The entrée into this co-performative space is the creation of the avatar, a pseudo-fictional character, an alter ego. The first gesture of a player entering a virtual world is to invent a character name. This becomes the signifier of her situated identity going forward: the marker of reputation, the vehicle of her agency, and the representation of her cumulative actions. This character and even its appearance may change and be transformed over time, but the name remains the same. The player also crafts her initial visual representation in the world, given a kit of parts provided by the designers. This creative act, much like choosing a costume for a masquerade ball, is the first performative gesture, the scaffolding on which her future identity will be built. From this point forward, players both play and play with their emergent identities through an intersubjective process. Far from being singly a creation of the individual, the avatar is a mechanism for social agency; and the player’s identity-creation will emerge in a particular social context through a set of interactions with a particular group of people. Avatars do not exist in isolation, and through this intersubjective co-performative framework players may discover sides of themselves that may not have other avenues of expression in the other aspects of their lives, even sides of themselves of which they may not previously have been aware. At times, these forms of expression can be subversive, in both negative and positive ways. Part of what this study reveals is the relationship between the emergence of individual and group identity through the performance and practice of play.

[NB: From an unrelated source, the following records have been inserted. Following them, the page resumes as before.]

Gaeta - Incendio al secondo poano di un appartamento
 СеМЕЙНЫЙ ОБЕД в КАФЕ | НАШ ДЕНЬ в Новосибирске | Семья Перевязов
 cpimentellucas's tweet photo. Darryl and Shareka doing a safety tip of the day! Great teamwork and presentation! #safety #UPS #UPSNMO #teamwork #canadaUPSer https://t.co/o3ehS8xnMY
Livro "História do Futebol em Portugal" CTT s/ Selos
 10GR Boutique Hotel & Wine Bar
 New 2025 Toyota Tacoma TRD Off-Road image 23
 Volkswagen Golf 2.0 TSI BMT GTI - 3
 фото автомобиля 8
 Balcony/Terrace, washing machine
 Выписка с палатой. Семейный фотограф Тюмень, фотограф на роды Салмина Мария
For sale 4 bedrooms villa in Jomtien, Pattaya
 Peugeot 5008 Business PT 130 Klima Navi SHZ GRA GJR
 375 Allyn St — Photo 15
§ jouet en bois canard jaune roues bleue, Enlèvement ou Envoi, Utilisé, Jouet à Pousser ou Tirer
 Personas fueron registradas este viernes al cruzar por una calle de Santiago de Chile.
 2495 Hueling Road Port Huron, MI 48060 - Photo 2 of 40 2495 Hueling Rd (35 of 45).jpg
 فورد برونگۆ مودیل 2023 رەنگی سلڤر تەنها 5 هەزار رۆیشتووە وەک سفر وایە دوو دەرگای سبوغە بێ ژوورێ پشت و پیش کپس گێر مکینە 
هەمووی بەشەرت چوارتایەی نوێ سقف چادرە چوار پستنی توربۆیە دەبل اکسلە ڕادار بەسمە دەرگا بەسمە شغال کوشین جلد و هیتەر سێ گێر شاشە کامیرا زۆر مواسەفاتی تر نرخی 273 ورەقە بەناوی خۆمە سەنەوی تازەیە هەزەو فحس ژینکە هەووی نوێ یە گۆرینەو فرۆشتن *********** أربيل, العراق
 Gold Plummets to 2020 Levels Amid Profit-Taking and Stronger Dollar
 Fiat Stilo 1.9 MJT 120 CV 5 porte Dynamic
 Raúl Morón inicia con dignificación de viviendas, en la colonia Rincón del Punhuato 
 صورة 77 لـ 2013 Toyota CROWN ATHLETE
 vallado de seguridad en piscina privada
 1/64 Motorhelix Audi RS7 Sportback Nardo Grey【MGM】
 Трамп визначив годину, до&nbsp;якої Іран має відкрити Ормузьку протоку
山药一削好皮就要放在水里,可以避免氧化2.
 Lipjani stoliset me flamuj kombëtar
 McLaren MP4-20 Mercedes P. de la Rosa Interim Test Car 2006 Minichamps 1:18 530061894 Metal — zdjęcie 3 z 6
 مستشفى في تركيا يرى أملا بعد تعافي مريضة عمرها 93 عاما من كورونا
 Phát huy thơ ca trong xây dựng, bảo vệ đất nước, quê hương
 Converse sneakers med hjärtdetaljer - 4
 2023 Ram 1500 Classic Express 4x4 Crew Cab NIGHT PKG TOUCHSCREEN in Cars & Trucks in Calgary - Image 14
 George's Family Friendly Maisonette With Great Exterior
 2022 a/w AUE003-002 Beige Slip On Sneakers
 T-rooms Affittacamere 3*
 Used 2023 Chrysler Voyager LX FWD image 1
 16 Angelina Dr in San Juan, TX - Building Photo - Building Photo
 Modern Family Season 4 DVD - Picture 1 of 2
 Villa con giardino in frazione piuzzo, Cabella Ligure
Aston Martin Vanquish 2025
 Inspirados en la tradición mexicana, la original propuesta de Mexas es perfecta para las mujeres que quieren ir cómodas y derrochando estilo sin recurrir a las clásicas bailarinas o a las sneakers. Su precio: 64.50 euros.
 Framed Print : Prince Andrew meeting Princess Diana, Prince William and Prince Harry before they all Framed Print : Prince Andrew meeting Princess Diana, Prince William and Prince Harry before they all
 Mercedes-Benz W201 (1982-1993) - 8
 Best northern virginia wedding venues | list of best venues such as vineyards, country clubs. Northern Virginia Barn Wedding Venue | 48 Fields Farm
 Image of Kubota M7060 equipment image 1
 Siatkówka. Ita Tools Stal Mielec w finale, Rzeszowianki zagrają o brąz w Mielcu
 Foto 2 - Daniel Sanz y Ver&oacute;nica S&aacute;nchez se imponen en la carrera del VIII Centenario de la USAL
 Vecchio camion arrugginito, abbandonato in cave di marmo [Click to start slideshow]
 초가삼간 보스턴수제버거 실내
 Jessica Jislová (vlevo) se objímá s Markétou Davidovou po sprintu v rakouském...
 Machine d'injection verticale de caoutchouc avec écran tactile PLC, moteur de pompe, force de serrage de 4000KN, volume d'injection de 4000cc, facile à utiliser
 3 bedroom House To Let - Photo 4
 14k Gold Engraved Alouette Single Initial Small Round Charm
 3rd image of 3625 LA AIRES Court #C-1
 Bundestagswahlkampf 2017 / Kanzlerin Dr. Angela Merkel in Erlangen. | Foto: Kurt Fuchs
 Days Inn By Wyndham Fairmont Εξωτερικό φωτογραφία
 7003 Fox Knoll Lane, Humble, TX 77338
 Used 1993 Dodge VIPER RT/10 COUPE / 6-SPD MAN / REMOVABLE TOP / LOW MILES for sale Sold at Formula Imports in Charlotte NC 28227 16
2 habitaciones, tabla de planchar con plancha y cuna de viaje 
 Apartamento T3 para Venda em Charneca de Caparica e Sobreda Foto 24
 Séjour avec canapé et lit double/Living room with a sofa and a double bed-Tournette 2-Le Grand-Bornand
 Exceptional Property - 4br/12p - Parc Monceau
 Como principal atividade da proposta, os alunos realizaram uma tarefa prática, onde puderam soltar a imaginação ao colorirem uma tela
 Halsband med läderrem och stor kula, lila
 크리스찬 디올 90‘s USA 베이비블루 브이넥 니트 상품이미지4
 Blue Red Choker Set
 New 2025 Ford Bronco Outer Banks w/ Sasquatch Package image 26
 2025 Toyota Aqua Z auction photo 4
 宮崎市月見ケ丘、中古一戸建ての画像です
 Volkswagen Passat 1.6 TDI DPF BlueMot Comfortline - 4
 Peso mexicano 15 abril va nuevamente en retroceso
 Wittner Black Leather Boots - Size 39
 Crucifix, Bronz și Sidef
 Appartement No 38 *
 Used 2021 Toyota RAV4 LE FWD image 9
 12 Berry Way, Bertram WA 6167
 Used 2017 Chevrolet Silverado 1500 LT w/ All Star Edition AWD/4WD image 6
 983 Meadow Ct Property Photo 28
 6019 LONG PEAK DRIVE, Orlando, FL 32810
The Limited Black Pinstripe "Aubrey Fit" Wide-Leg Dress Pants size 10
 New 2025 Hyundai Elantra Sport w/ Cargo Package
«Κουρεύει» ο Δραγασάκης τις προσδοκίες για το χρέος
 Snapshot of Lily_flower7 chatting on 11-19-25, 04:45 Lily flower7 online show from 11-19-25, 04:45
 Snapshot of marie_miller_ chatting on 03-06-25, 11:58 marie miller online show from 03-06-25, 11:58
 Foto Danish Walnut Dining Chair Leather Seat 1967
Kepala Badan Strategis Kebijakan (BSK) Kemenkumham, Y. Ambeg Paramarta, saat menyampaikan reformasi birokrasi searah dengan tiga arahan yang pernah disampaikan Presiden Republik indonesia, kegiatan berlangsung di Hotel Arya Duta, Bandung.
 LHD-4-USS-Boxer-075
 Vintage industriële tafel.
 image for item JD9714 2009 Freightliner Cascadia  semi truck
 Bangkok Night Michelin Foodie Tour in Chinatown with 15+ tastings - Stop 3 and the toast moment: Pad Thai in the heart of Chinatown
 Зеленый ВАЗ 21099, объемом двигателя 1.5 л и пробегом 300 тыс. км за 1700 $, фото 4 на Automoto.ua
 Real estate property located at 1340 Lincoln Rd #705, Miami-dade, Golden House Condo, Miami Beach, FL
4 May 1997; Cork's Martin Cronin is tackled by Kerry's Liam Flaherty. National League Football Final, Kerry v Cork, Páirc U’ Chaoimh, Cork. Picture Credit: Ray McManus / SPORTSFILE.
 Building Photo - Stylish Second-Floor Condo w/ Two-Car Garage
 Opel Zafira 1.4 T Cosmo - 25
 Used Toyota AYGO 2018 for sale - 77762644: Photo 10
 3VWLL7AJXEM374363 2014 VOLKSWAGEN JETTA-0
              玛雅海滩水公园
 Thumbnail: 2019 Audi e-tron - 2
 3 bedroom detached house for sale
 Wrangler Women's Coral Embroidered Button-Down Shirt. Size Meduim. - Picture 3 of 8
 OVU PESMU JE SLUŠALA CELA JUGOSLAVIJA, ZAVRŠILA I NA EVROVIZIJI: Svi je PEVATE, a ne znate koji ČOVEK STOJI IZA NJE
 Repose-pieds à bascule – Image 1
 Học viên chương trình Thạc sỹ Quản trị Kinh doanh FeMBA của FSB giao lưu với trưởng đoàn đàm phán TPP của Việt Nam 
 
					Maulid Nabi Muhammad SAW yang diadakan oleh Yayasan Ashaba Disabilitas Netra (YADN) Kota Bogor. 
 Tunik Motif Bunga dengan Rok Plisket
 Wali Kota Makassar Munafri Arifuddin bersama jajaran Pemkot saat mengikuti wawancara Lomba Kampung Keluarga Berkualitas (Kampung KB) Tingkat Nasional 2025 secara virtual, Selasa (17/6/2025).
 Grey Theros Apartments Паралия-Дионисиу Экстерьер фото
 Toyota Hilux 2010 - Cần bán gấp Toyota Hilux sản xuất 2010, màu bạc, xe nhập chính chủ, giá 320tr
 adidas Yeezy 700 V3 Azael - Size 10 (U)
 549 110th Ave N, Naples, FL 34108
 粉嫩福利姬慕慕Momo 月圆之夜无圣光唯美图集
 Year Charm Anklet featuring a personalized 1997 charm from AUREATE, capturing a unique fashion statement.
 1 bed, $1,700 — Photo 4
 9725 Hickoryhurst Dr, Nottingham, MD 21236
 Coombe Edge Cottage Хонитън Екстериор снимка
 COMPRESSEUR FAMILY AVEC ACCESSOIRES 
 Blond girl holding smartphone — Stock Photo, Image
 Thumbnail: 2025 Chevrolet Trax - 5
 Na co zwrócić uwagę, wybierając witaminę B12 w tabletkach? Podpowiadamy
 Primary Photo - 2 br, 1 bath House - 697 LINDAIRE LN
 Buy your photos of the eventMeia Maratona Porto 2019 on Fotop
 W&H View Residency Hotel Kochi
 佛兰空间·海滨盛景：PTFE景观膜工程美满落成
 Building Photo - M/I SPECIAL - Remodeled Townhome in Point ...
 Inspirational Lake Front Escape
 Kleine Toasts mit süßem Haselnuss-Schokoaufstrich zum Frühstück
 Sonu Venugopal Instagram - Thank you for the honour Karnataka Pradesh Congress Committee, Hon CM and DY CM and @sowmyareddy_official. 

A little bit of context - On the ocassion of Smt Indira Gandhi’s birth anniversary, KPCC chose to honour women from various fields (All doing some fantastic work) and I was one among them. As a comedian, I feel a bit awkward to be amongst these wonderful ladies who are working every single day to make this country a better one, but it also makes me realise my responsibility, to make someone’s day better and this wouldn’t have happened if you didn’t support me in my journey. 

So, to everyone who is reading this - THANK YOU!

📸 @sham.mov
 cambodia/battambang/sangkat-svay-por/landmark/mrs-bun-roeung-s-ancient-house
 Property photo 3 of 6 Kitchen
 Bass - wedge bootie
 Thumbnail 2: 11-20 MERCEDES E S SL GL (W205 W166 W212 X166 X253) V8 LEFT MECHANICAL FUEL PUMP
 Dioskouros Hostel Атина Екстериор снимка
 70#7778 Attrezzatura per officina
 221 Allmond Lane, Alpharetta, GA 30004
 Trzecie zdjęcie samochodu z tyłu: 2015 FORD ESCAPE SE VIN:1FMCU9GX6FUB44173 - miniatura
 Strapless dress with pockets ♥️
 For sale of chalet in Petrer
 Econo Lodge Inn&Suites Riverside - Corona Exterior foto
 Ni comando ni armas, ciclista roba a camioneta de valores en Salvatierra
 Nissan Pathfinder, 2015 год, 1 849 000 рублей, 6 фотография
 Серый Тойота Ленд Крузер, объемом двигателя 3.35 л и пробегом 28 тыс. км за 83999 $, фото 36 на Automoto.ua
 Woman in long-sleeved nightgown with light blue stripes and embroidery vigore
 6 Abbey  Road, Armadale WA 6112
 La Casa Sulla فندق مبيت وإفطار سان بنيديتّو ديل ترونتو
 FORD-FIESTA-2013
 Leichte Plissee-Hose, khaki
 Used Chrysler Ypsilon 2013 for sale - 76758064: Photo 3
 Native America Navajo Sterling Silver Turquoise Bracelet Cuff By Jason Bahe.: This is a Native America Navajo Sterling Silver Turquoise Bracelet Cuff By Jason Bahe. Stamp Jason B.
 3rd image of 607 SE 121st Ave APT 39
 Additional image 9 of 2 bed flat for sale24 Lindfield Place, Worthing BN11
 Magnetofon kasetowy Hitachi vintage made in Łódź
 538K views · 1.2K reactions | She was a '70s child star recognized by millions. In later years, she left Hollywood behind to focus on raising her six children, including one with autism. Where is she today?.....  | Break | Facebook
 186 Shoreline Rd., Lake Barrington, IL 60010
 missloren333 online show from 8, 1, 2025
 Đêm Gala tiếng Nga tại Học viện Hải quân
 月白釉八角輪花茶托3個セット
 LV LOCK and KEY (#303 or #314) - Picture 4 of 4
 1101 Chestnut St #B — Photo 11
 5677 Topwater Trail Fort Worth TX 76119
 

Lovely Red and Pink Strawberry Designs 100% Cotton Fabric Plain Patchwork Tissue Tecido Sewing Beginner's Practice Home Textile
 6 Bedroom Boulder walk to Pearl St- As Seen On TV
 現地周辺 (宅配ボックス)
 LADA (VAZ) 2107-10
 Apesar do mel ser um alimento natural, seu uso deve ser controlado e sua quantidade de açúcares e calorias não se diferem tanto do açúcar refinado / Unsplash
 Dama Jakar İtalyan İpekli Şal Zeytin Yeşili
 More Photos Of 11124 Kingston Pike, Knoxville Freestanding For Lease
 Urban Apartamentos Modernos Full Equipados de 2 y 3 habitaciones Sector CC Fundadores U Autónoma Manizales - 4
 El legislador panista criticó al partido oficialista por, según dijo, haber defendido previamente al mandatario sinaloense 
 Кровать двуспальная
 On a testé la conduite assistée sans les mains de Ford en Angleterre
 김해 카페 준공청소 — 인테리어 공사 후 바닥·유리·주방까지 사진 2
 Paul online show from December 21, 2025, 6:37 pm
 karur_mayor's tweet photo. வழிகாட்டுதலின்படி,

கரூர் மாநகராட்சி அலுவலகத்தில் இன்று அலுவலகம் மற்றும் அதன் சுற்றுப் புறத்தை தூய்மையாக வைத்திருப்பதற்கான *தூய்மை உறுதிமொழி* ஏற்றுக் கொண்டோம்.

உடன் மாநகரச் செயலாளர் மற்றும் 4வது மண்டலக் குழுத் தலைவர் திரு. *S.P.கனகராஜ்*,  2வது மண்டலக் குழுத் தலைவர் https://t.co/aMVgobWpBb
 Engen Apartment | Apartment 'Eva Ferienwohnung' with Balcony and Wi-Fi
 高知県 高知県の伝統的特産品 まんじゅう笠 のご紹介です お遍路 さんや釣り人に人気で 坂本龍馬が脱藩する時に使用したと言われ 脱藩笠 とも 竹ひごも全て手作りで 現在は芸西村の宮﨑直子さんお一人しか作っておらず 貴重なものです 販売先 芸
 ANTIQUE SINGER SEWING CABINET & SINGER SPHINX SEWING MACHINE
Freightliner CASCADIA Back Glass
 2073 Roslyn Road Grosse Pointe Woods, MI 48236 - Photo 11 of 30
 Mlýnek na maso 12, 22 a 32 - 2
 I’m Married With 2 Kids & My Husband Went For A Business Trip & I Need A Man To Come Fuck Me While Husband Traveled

For in practicing the ethnography of play, we are playing ourselves. The ethnography is a mystery to be unraveled, and the identity we form in this context is at once a scientific discipline and an art practice. When he coined the term in 1984, science fiction author William Gibson characterized cyberspace as a “consensual hallucination” (REF). When we enter an online game or virtual world, we enter a space of the imagination, and as researchers, we take on the task of studying consensual hallucinations populated by real people, all of whom share in this performative and productive act. The ethnographer is no exception, and very quickly will find that she is drawn into the play space. Yet, she also stands outside the magic circle to some extent. As an observer, she must play the game, but at the same time, she plays a meta-game, the game of ethnography itself. And like her subjects, she never knows where this identity will take her. In spite of her objective stance, she is not immune to the very emergent processes she seeks to understand.